Tuesday, November 10, 2015

David Sedaris’ Dress Your Family in Corduroy and Denim: A Book Review



David Sedaris’ Dress Your Family in Corduroy and Denim stands as another strong effort by the essayist. It rings of everything typically of Sedaris-humor: awkwardness, an honest examination of both reality and society, and of course and increasingly metatextual awareness generated by the fact that the author’s family is now well aware that they are fodder for his writing. Of course, even their fears have become material and their requests to be off the record put on open display.

While the text is not innovative, and in my opinion as interesting as some of his other works, Sedaris has a way of turning the mundane into something interesting.
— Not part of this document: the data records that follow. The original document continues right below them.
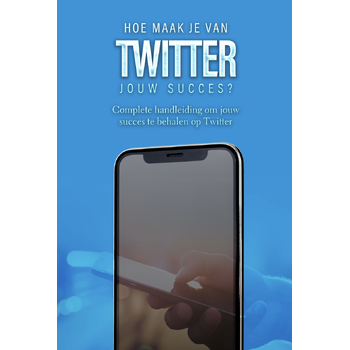 Hoe maak je van Twitter jouw succes? (Paperback) bij Singel 344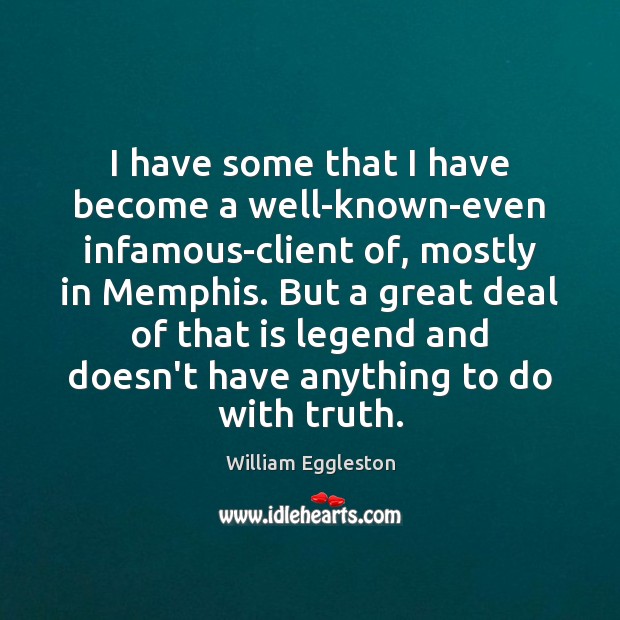 I have some that I have become a well-known-even infamous-client of, mostly William Eggleston Picture Quote
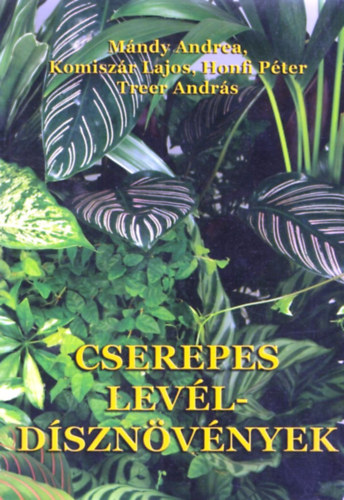Mndy Andrea - Komiszr Lajos - Hofi Pter -Treer Andrs - Cserepes dsznvnyek
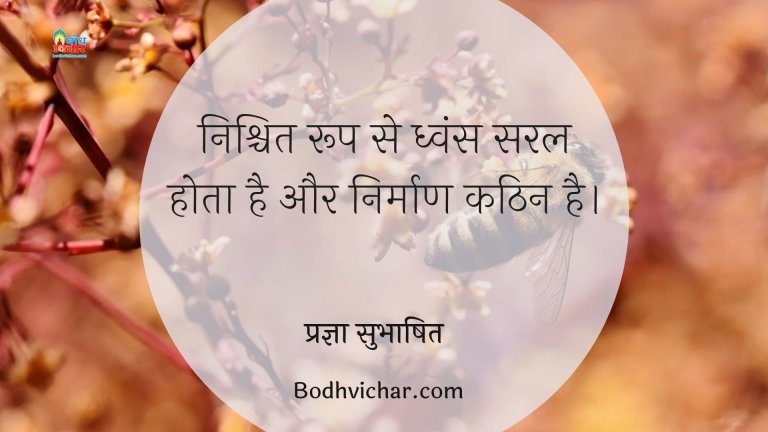 निश्चित रूप से ध्वंस सरल होता है और निर्माण कठिन है। : Nishchit roop se dhwans saral hota hai aur nirmaan kathin. - प्रज्ञा सुभाषित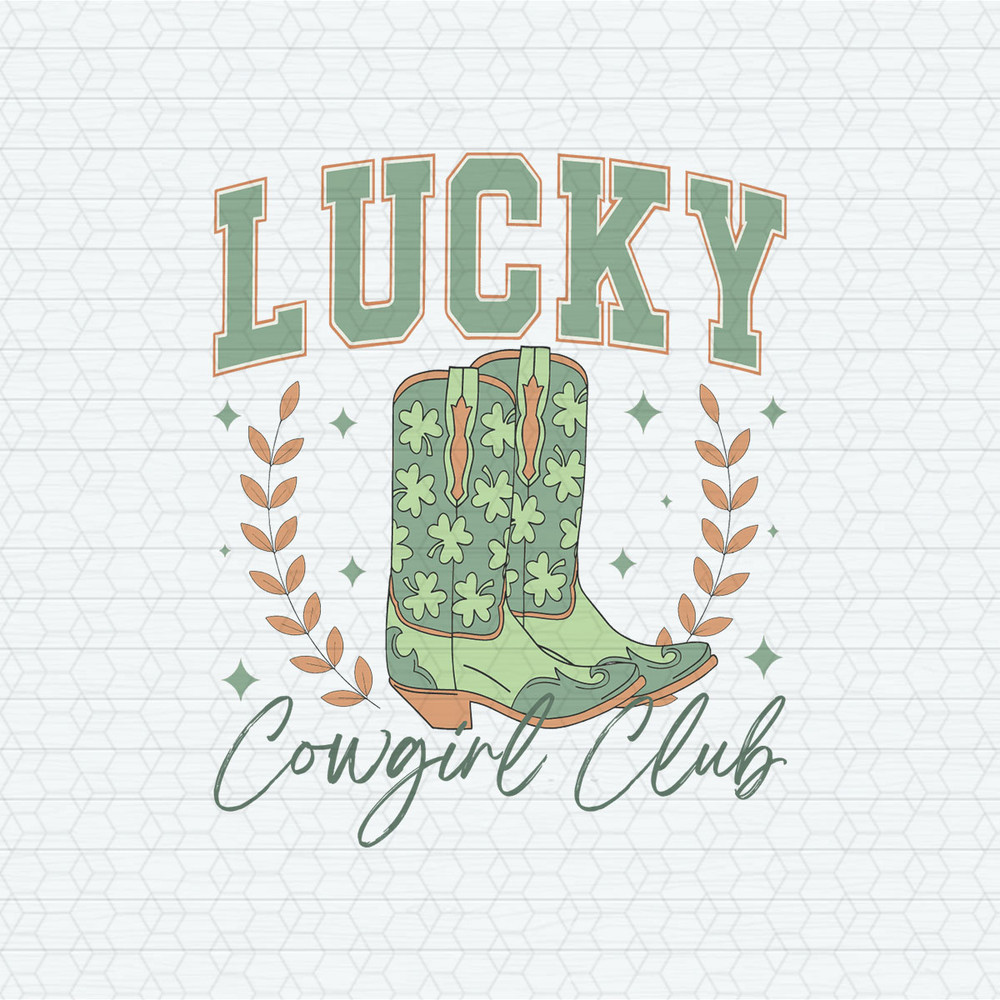 ChampionSVG-0103241014-lucky-cowgirl-club-boots-st-patricks-day-svg-0103241014png.jpeg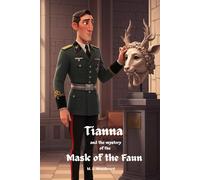 Tianna and the Mystery of the Mask of the Faun: Tianna the Super Sleuth: 2 (Tianna Howard: Super Sleuth Mysteries)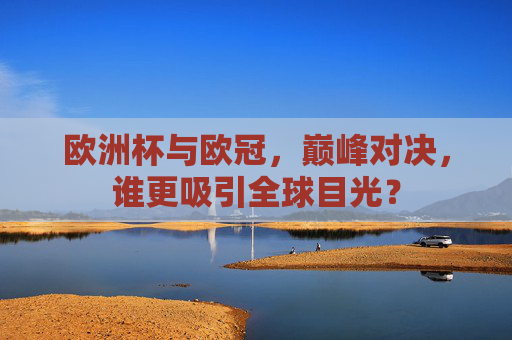欧洲杯与欧冠,巅峰对决,谁更吸引全球目光? 欧洲杯与欧冠,巅峰对决,谁更吸引全球目光?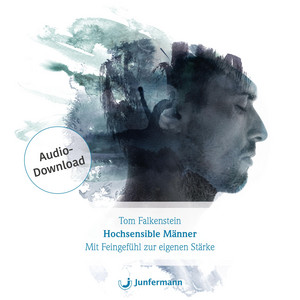 Hochsensible Männer (Mit Feingefühl zur eigenen Stärke)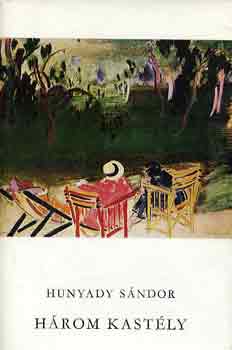 Hunyady Sndor - Hrom kastly
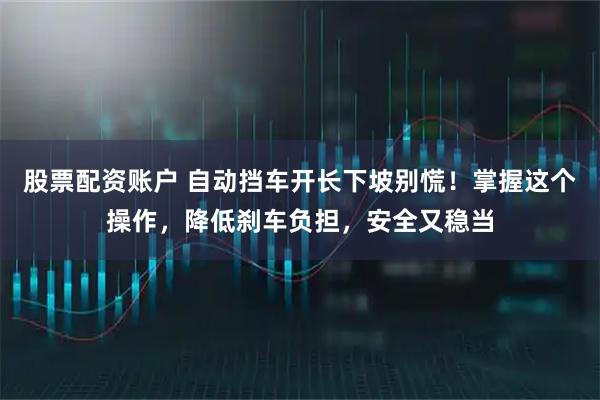 股票配资账户 自动挡车开长下坡别慌！掌握这个操作，降低刹车负担，安全又稳当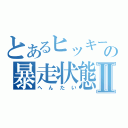 とあるヒッキーの暴走状態Ⅱ（へんたい）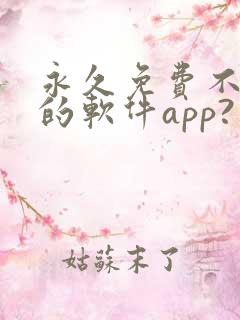 永久免费不收费的软件app?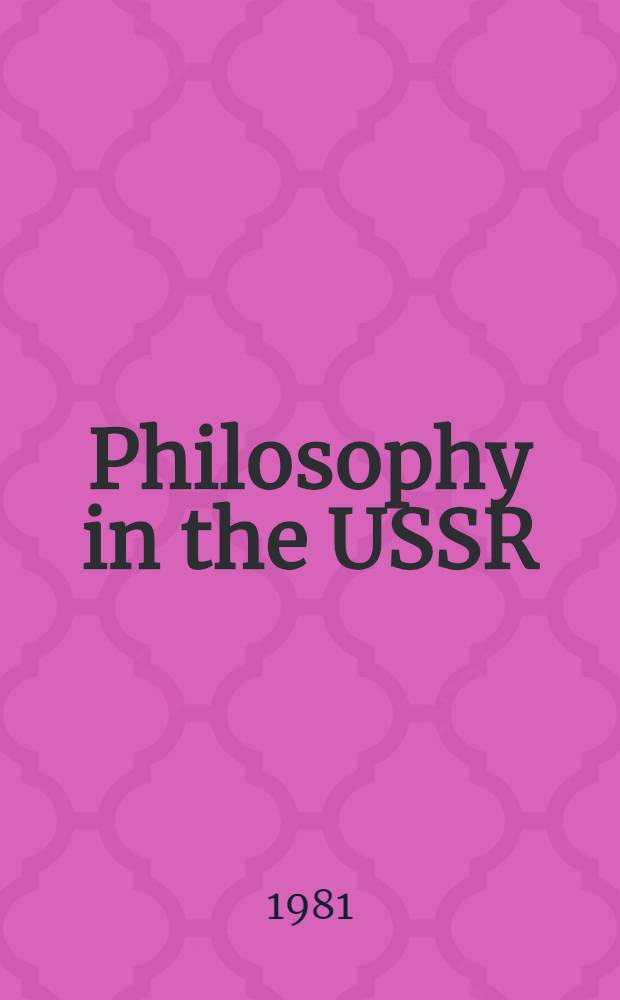 Philosophy in the USSR : Problems of hist. materialism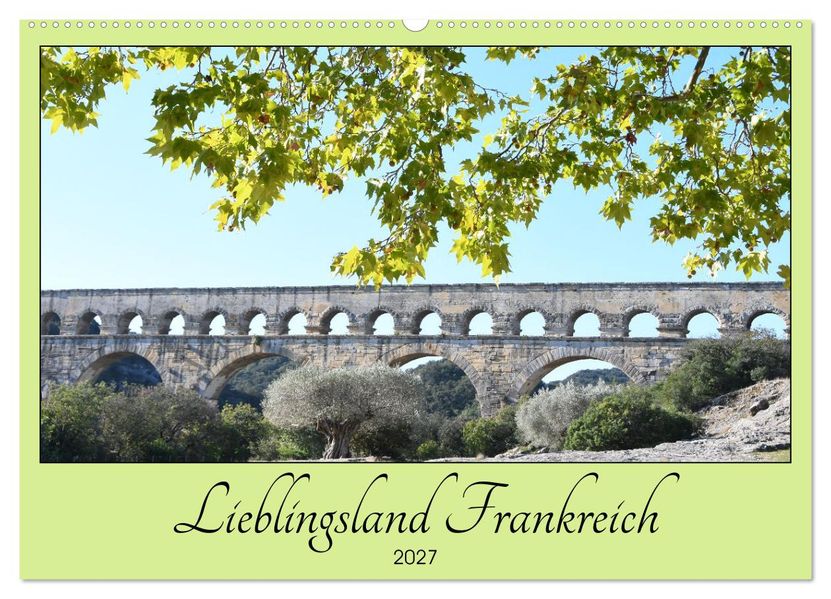 Lieblingsland Frankreich (Wandkalender 2027 DIN A2 quer) CALVENDO Monatskalender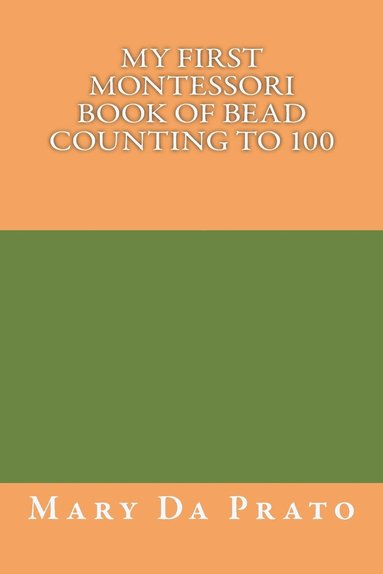 bokomslag My First Montessori Book of Bead Counting to 100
How else could one enjoy hearing about running an apartment complex or the strange events of a biker wedding? Yet Sedaris makes menial landscaping and domicile upkeep sound fun while transforming his brother into a redneck alien that struggles to comprehend fatherhood. As always she strikes a balance, lingering in the general humanity of us all, finding our shared experiences. Everyone struggles with the kids, gets together with friends from high school or college in order to awkwardly reminisce, and deals with family oddities. It is here that Sedaris captures us, it is here that his constant reader returns.

For the newbies, give the text a shot, chuckle a bit, and expand your scope on the world while remembering that the human experience is just that, an experience.